Task to carry out: Please give again exactly the lines from the top of the material through the line with "The Design of"; omit each picture.

-- Data supplied follows --

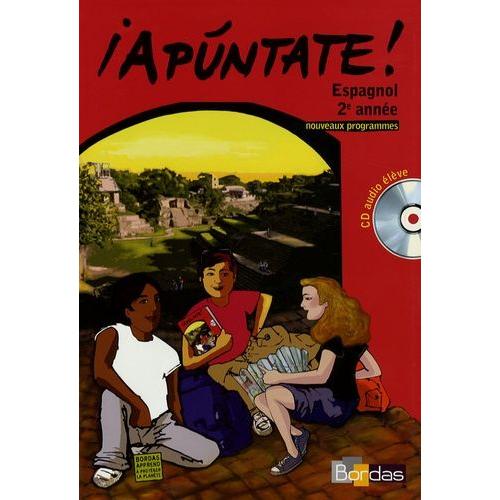 Espagnol 2e Anne Apntate ! - (1 Cd Audio)   de Chauvign Daz Anne  Format Broch 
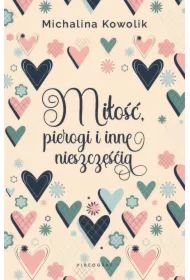 Miłość, pierogi i inne nieszczęścia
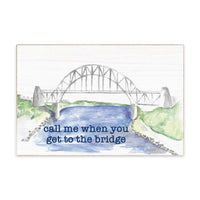 Call Me When You Get To The Bridge Block Sign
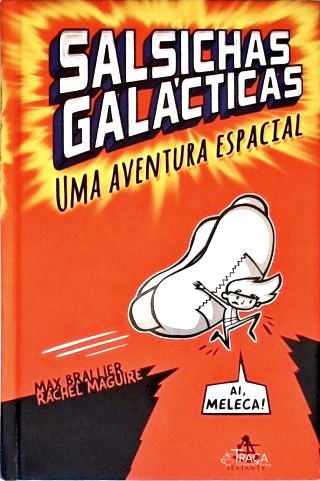 Salsichas Galácticas: Uma Aventura Espacial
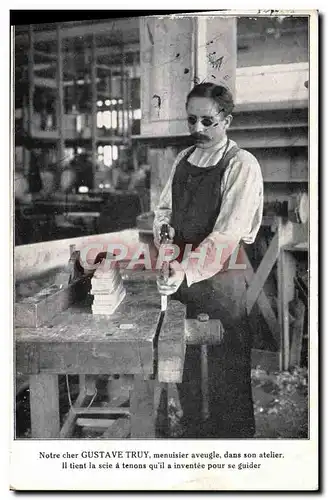 Cartes postales Notre cher Gustave Truy menuisier aveugle dans son atelier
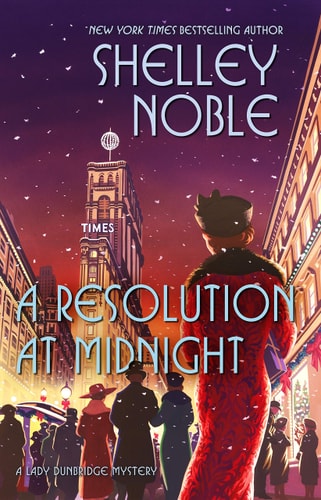 A Resolution at Midnight (A Lady Dunbridge Mystery, 3)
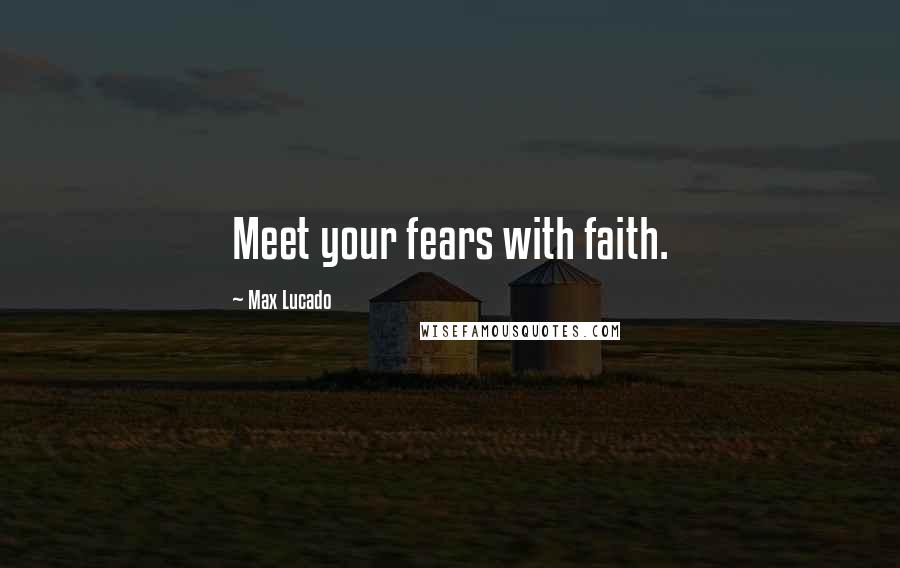 Max Lucado Quotes: Meet your fears with faith.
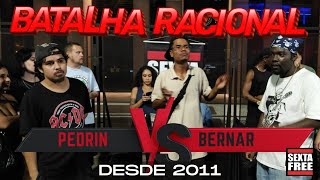 SEXTA FREE - BATALHA RACIONAL - PEDRIN X BERNAR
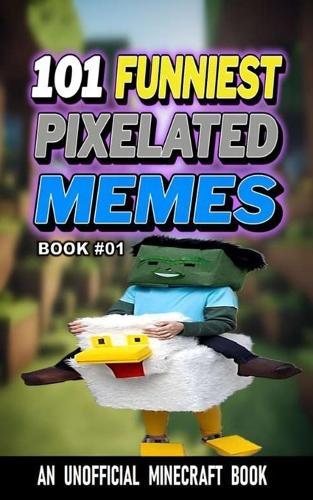 101 Funniest Pixelated Memes: Book 01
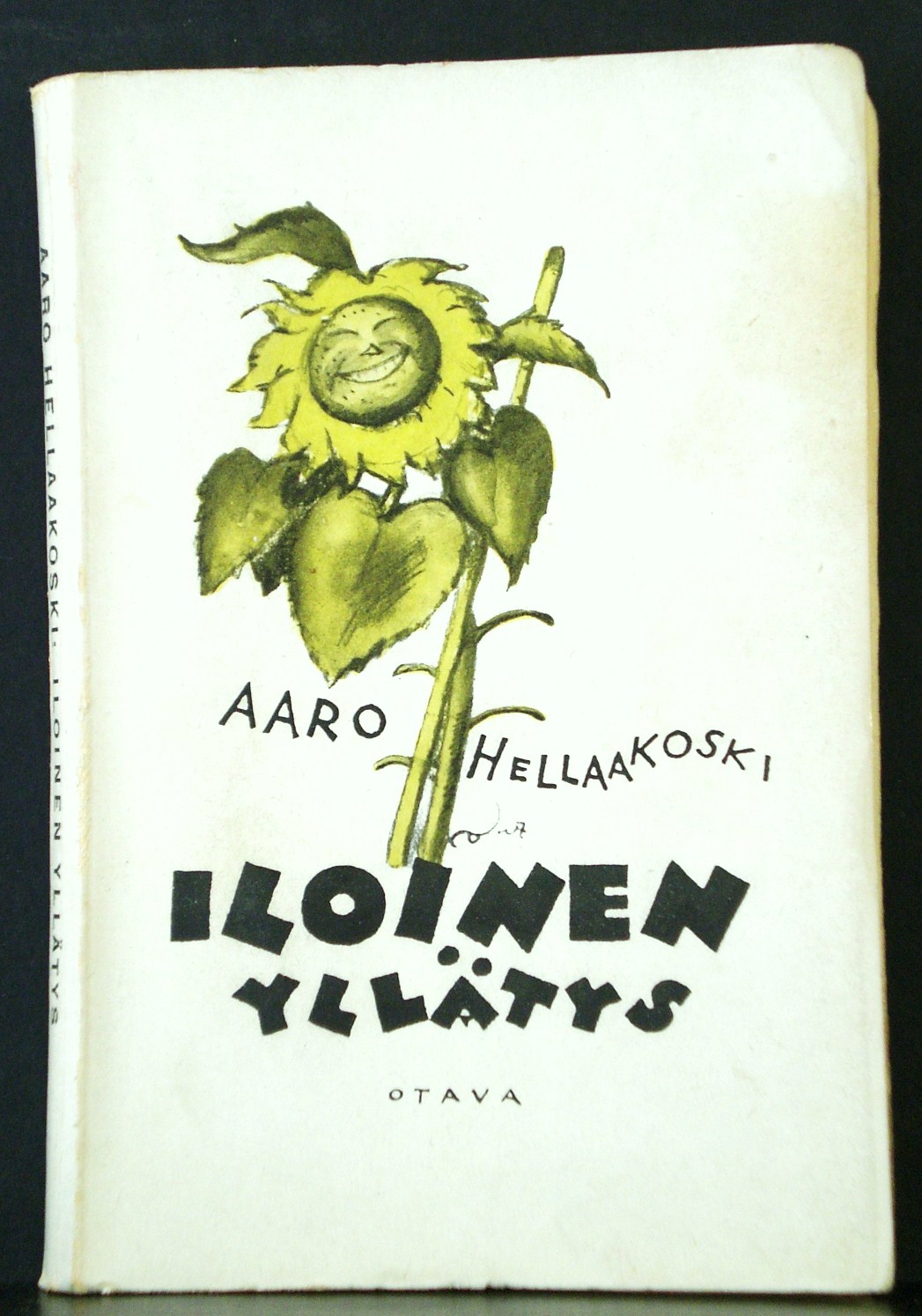 Aaro Hellakoski Iloinen yllätys. Novelleja (1927)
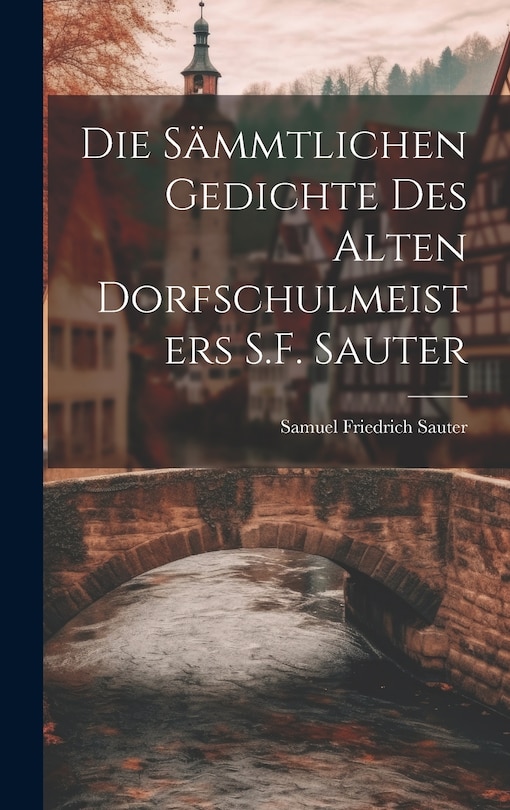 Front cover_Die Sämmtlichen Gedichte Des Alten Dorfschulmeisters S.F. Sauter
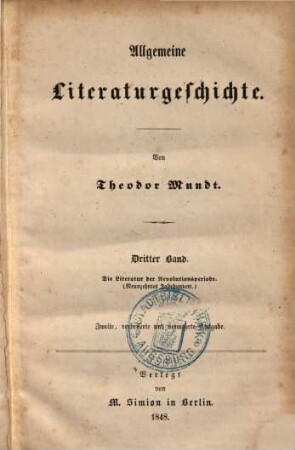 Allgemeine Literaturgeschichte, 3. Die Literatur der Revolutionsperiode (Neunzehntes Jahrhundert)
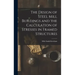 The Design of Steel Mill Buildings and the Calculation of Stresses in Framed Structures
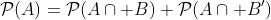 \mathcal{P}(A)=\mathcal{P}(A\cap B)+\mathcal{P}(A\cap B')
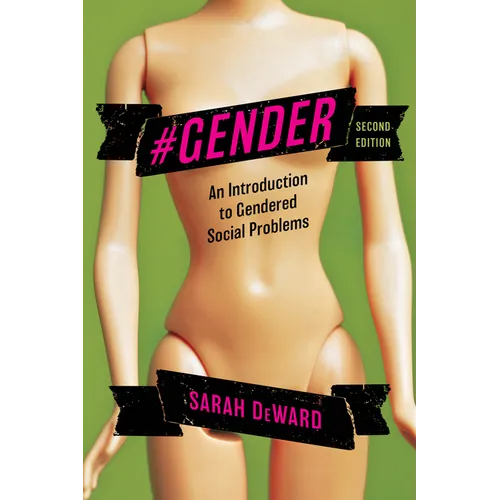 #Gender: An Introduction to Gendered Social Problems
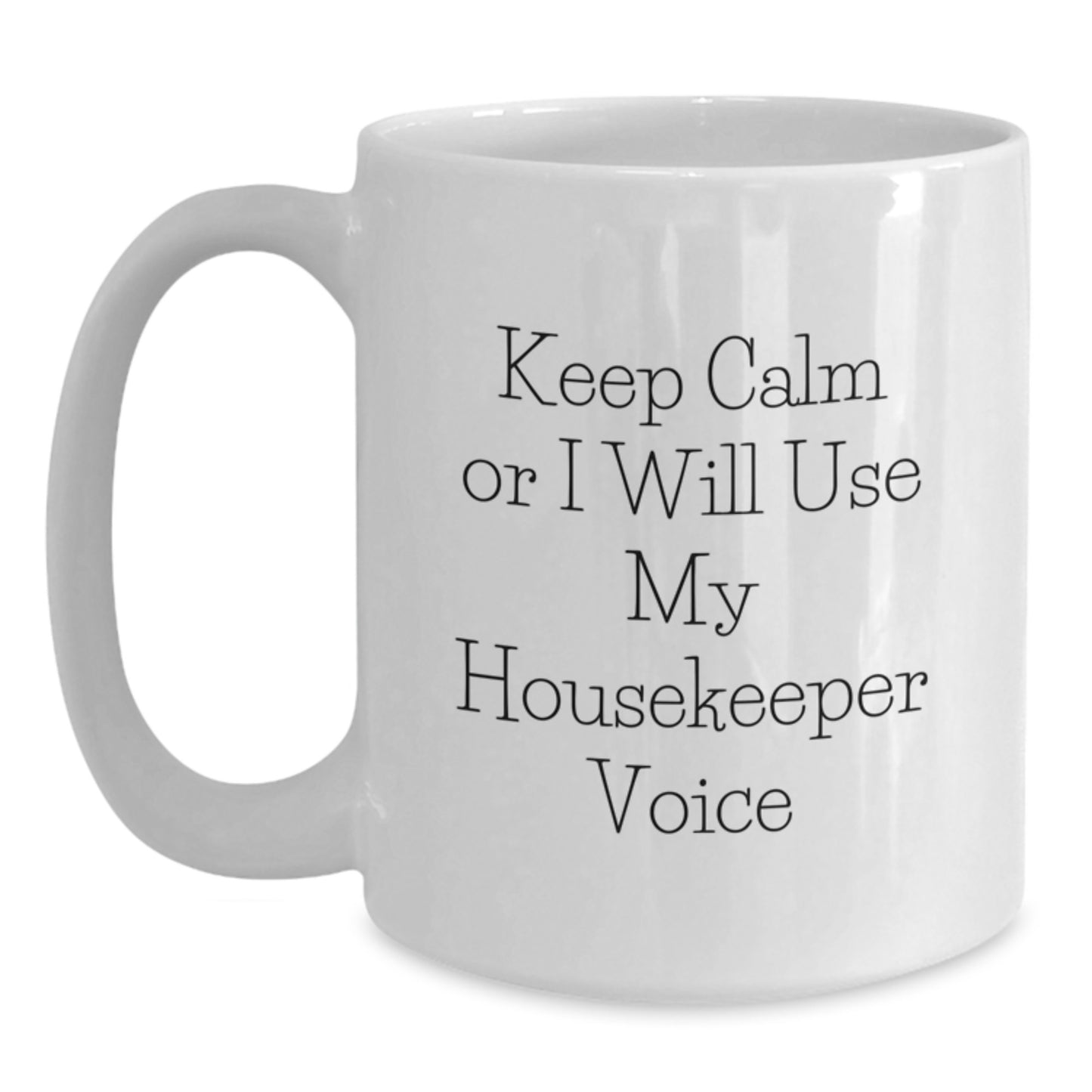 Funny Housekeeper Gifts from Men to Women with White Coffee Mug - Keep Calm Or I Will Use My Housekeeper Voice Unique Christmas Memorable Presents for Housekeeper Friends and Family - Main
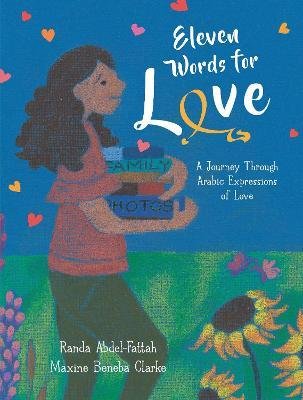 Cover for Randa Abdel-Fattah · Eleven Words for Love: A Journey Through Arabic Expressions of Love (Hardcover Book) (2023)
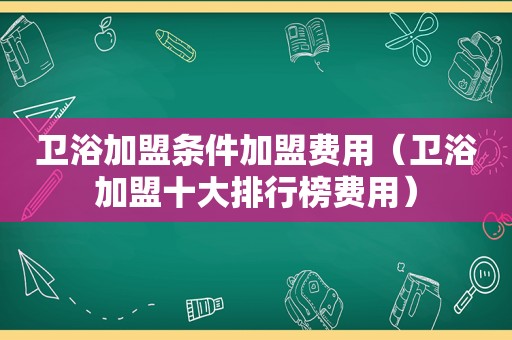 卫浴加盟条件加盟费用（卫浴加盟十大排行榜费用）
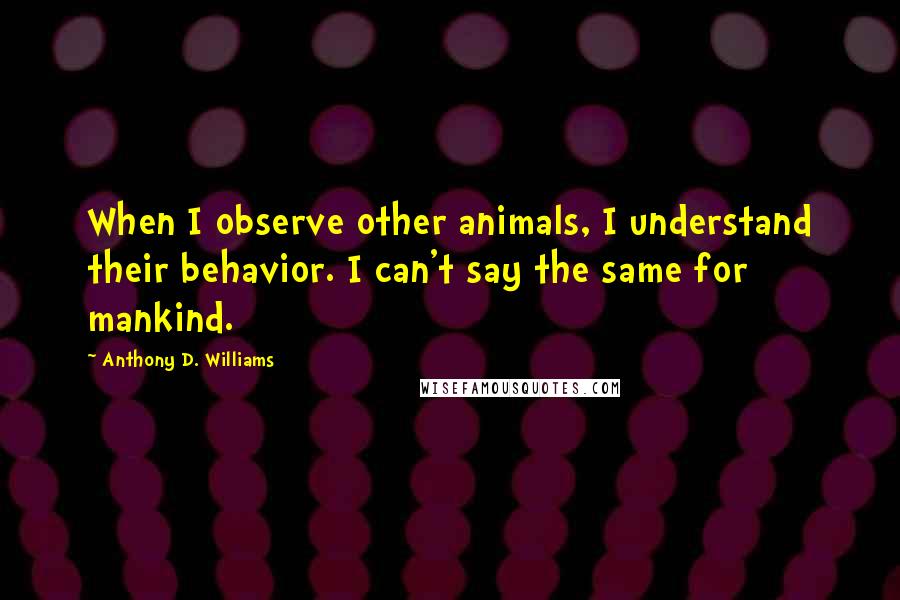 Anthony D. Williams Quotes: When I observe other animals, I understand their behavior. I can't say the same for mankind.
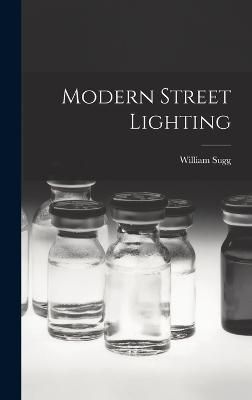 Modern Street Lighting By Sugg 9781016085229 (Hardback)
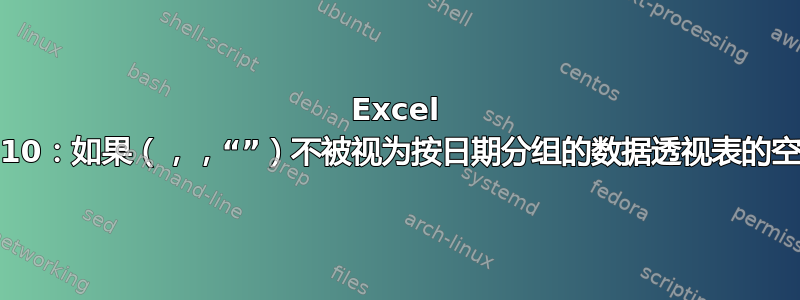 Excel 2010：如果（，，“”）不被视为按日期分组的数据透视表的空白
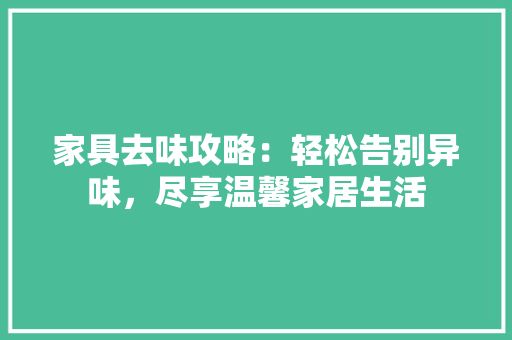家具去味攻略：轻松告别异味，尽享温馨家居生活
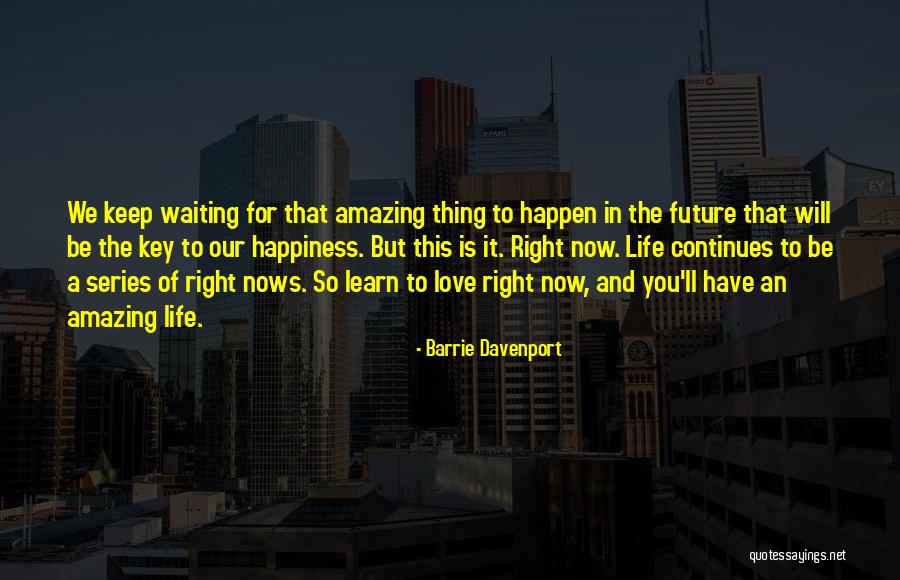 Love Continues Quotes By Barrie Davenport Love Continues Quotes By Barrie Davenport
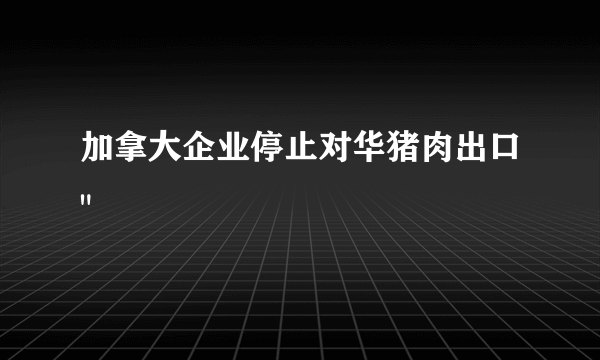 加拿大企业停止对华猪肉出口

-- Data supplied concluded --

Your solution:
 Espagnol 2e Anne Apntate ! - (1 Cd Audio)   de Chauvign Daz Anne  Format Broch 
 Miłość, pierogi i inne nieszczęścia
 Call Me When You Get To The Bridge Block Sign
 Salsichas Galácticas: Uma Aventura Espacial
 Cartes postales Notre cher Gustave Truy menuisier aveugle dans son atelier
 A Resolution at Midnight (A Lady Dunbridge Mystery, 3)
 Max Lucado Quotes: Meet your fears with faith.
 SEXTA FREE - BATALHA RACIONAL - PEDRIN X BERNAR
 101 Funniest Pixelated Memes: Book 01
 Aaro Hellakoski Iloinen yllätys. Novelleja (1927)
 Front cover_Die Sämmtlichen Gedichte Des Alten Dorfschulmeisters S.F. Sauter
 Allgemeine Literaturgeschichte, 3. Die Literatur der Revolutionsperiode (Neunzehntes Jahrhundert)
 The Design of Steel Mill Buildings and the Calculation of Stresses in Framed Structures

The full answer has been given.